Serena wins, is last American playing in singles draw

Updated: June 1, 2007, 5:15 PM ET news services

PARIS -- Serena Williams kept alive American interest at the French Open with a 6-3, 6-4 win over Dutch teenager Michaella Krajicek in the third round on Friday.

Williams, the sole U.S. survivor in either singles draw after her elder sister Venus lost to fourth-seeded Jelena Jankovic 6-4, 4-6, 6-1 earlier Friday, wore down Krajicek with an array of powerful baseline shots.

Two-time defending champion and top seed Justine Henin also advanced.

After her victory, Serena Williams was unimpressed with her effort.

"I didn't think I played well at all," she said. "I'm trying not to peak too soon, but at some point I need to start playing better."

Krajicek, who had said she idolized the American when she was growing up, appeared to be starstruck early as she quickly fell behind 3-0. She rallied to draw even at 3-3 but then crumbled under pressure and hit a service return long to bow out after 76 minutes.

"She's playing great tennis, and she plays well in a crunch," Venus Williams said of her sister. "And I think the longer she's in the tournament, the better she'll play."

Venus Williams, who missed the last two Grand Slam tournaments because of injuries, also lost to Jankovic in the third round at Wimbledon last year.

"Am I discouraged? No, not at all. I feel like I'm playing well, actually," Venus Williams said after making 49 unforced errors, 23 more than Jankovic. "I don't feel like she came out there and really beat me. I just feel like at times she was a little more patient than I was."

"I got a little bit tired at the end," Serena Williams said. "It's tough on clay."

The 22-year-old Serb dominated the five-time major champion in the first set, winning 20 of the 24 points played in her service games, including the first 10.

"I never had it in my mind that I was going to lose the match," said Jankovic, who won a clay-court warmup tournament in Rome last month.

Williams recovered in the second set, jumping out to 3-0 lead and holding on by breaking Jankovic in the 10th game to even the match. But Jankovic, who reached the semifinals at the 2006 U.S. Open, broke Williams three times in the third set.
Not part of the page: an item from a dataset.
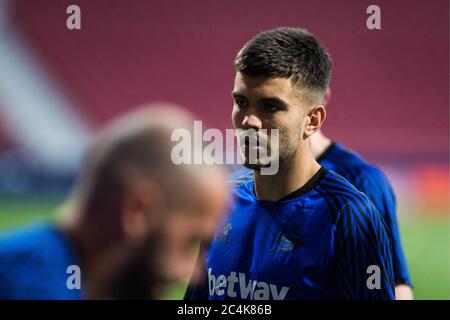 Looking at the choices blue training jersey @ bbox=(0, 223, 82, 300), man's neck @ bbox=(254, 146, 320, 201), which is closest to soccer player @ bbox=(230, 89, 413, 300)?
man's neck @ bbox=(254, 146, 320, 201)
Time and again, Jankovic did what it took to extend an exchange until Venus produced a miscue. Jankovic bore down in the closing set, winning six of the eight points that lasted at least 10 strokes.

"Each time you play the Williams sisters, it's really a tough game," Jankovic said. "And you have to be on the top of your level if you want to beat them. They are the best athletes in the women's game."
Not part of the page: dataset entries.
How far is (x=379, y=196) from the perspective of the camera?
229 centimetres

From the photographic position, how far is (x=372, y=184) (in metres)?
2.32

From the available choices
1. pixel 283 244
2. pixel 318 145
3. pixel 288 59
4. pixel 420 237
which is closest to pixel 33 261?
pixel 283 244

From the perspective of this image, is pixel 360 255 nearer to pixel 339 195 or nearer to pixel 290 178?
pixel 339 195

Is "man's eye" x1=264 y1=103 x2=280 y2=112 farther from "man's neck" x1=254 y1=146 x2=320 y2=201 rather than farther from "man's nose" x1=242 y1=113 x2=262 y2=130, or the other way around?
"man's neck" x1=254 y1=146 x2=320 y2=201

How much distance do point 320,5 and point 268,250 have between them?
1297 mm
"The third set went a little bit faster than what I expected," Williams said. "I felt a little bit slow ... I couldn't get my feet where I wanted them."

Henin, celebrating her 25th birthday, advanced with a 6-2, 6-3 win over Italy's Mara Santangelo.

No. 6 Nicole Vaidisova of the Czech Republic reached the fourth round by beating 27th-seeded Samantha Stosur of Australia 6-4, 6-4.

Also, No. 20 Sybille Bammer of Austria beat 16th-seeded Li Na of China 6-4, 6-3, while No. 12 Daniela Hantuchova of Slovakia and No. 19 Tathiana Garbin of Italy also advanced.

Garbin reached the fourth round by beating Stephanie Cohen-Aloro of France 6-3, 6-0, and Hantuchova got to the third round by defeating Olga Poutchkova of Russia 7-6 (6), 6-3.

Thirteenth-seeded Elena Dementieva of Russia was upset, losing to No. 18 Marion Bartoli of France 6-2, 6-4. In her 22nd Grand Slam, Bartoli will be making her first appearance in the fourth round.

"I'm not really surprised, because I don't have a feeling of playing above my level," said Bartoli, who will face Jankovic in the next round. "I don't think I'm over-performing."

Reuters and The Associated Press contributed to this report.